**Source information**
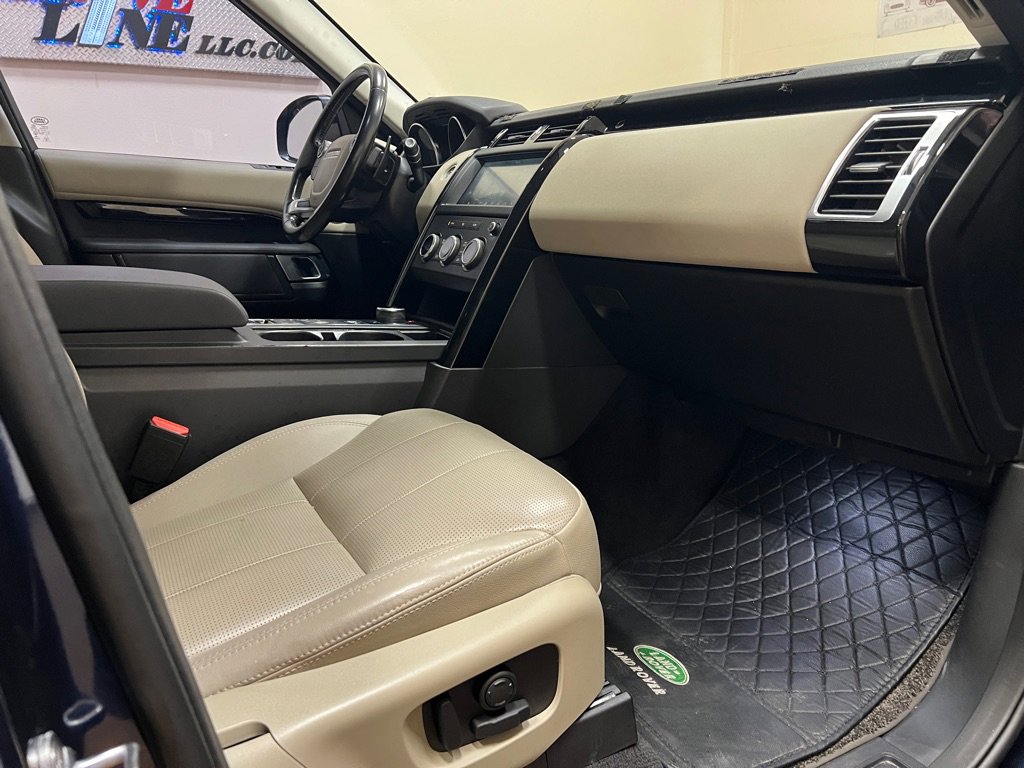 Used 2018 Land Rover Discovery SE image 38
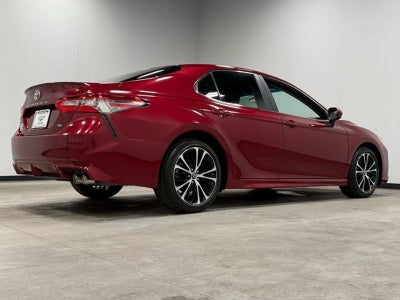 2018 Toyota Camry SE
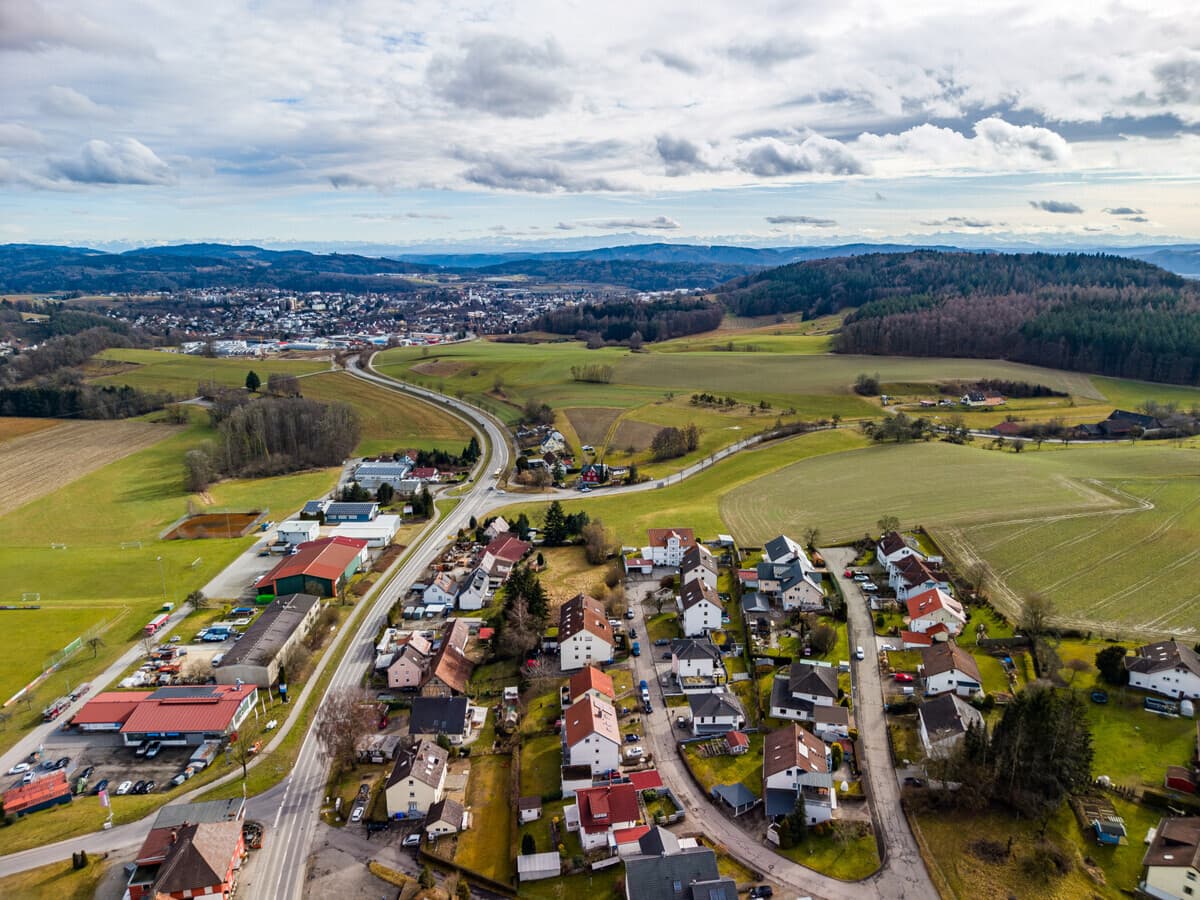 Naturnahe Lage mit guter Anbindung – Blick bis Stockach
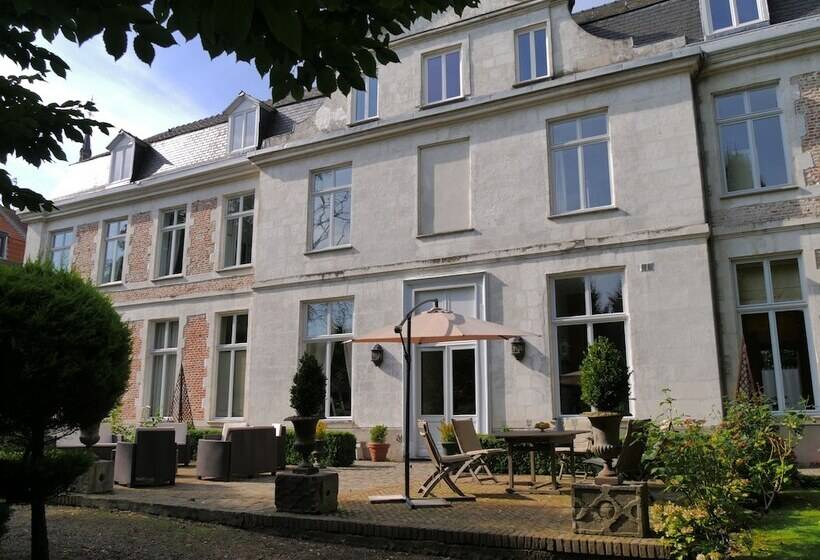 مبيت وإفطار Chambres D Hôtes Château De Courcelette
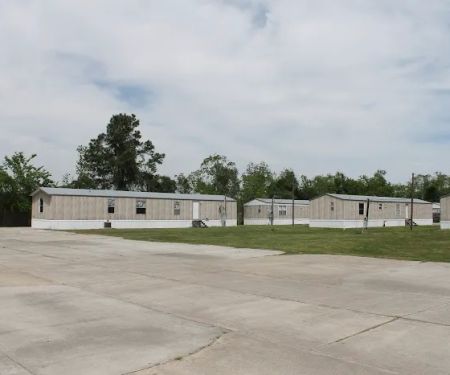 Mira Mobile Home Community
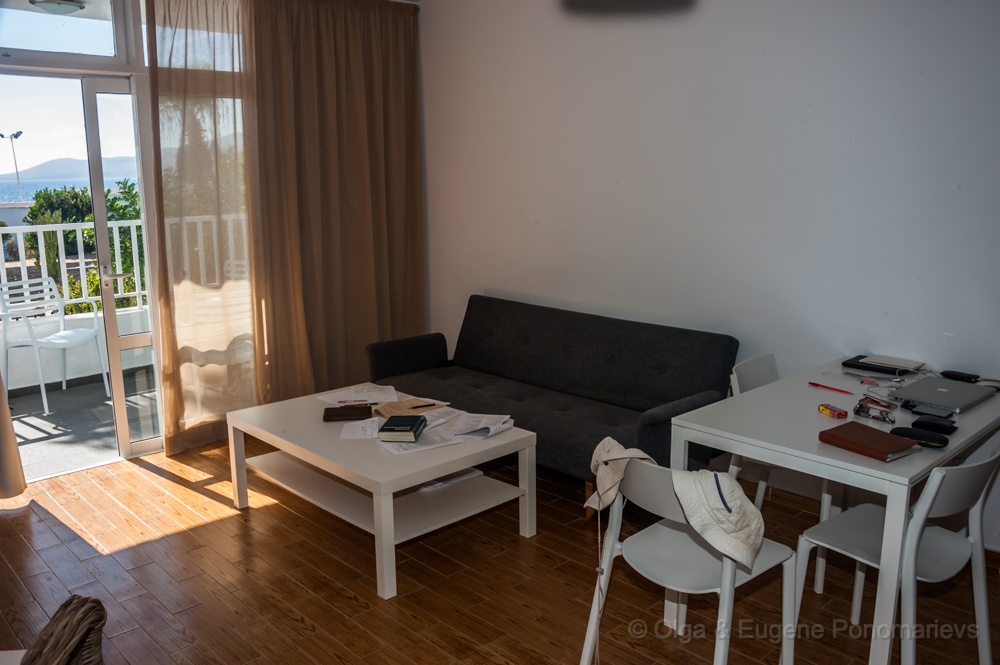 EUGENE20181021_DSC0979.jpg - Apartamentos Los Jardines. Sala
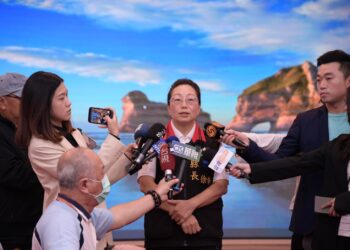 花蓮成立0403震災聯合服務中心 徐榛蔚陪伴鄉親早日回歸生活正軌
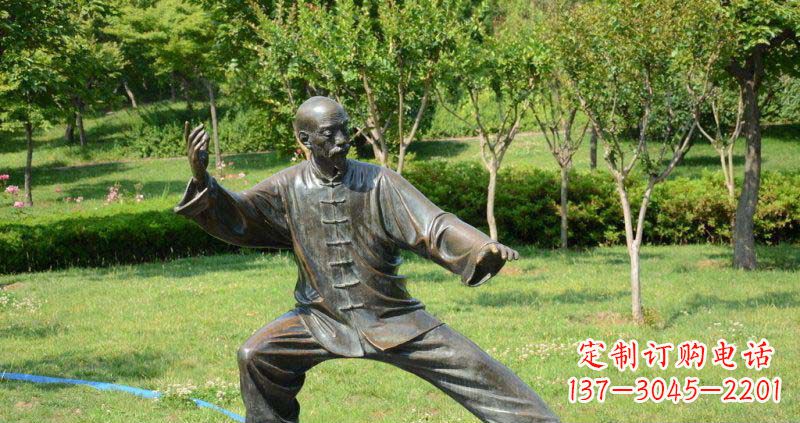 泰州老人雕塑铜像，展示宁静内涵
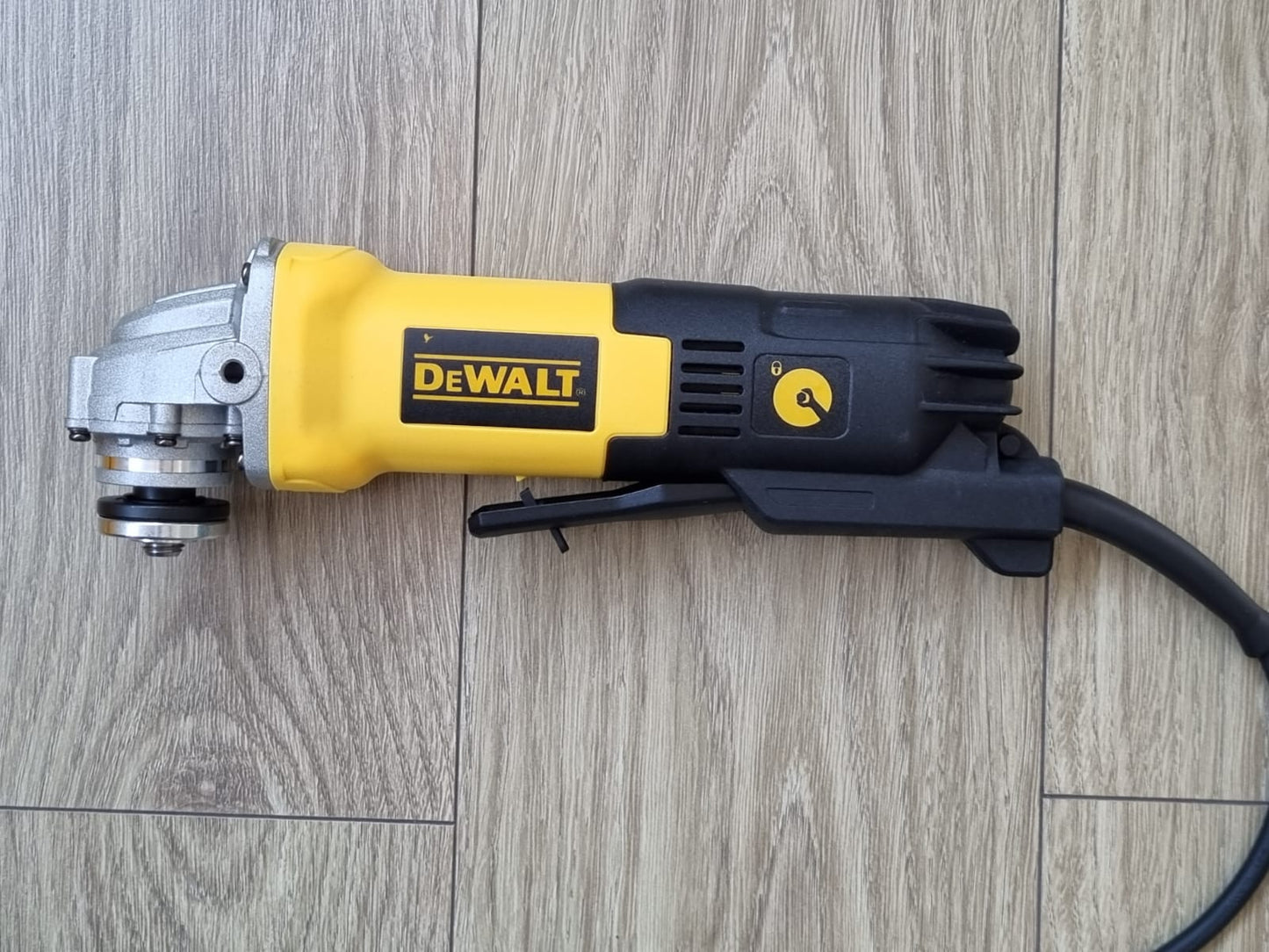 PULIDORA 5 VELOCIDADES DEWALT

**Work to complete**
Type out the data above once more, exactly, with no images included.

**Answer to the exercise**
 Used 2018 Land Rover Discovery SE image 38
 2018 Toyota Camry SE
 Naturnahe Lage mit guter Anbindung – Blick bis Stockach
 مبيت وإفطار Chambres D Hôtes Château De Courcelette
 Mira Mobile Home Community
 EUGENE20181021_DSC0979.jpg - Apartamentos Los Jardines. Sala
 花蓮成立0403震災聯合服務中心 徐榛蔚陪伴鄉親早日回歸生活正軌
 泰州老人雕塑铜像，展示宁静内涵
 PULIDORA 5 VELOCIDADES DEWALT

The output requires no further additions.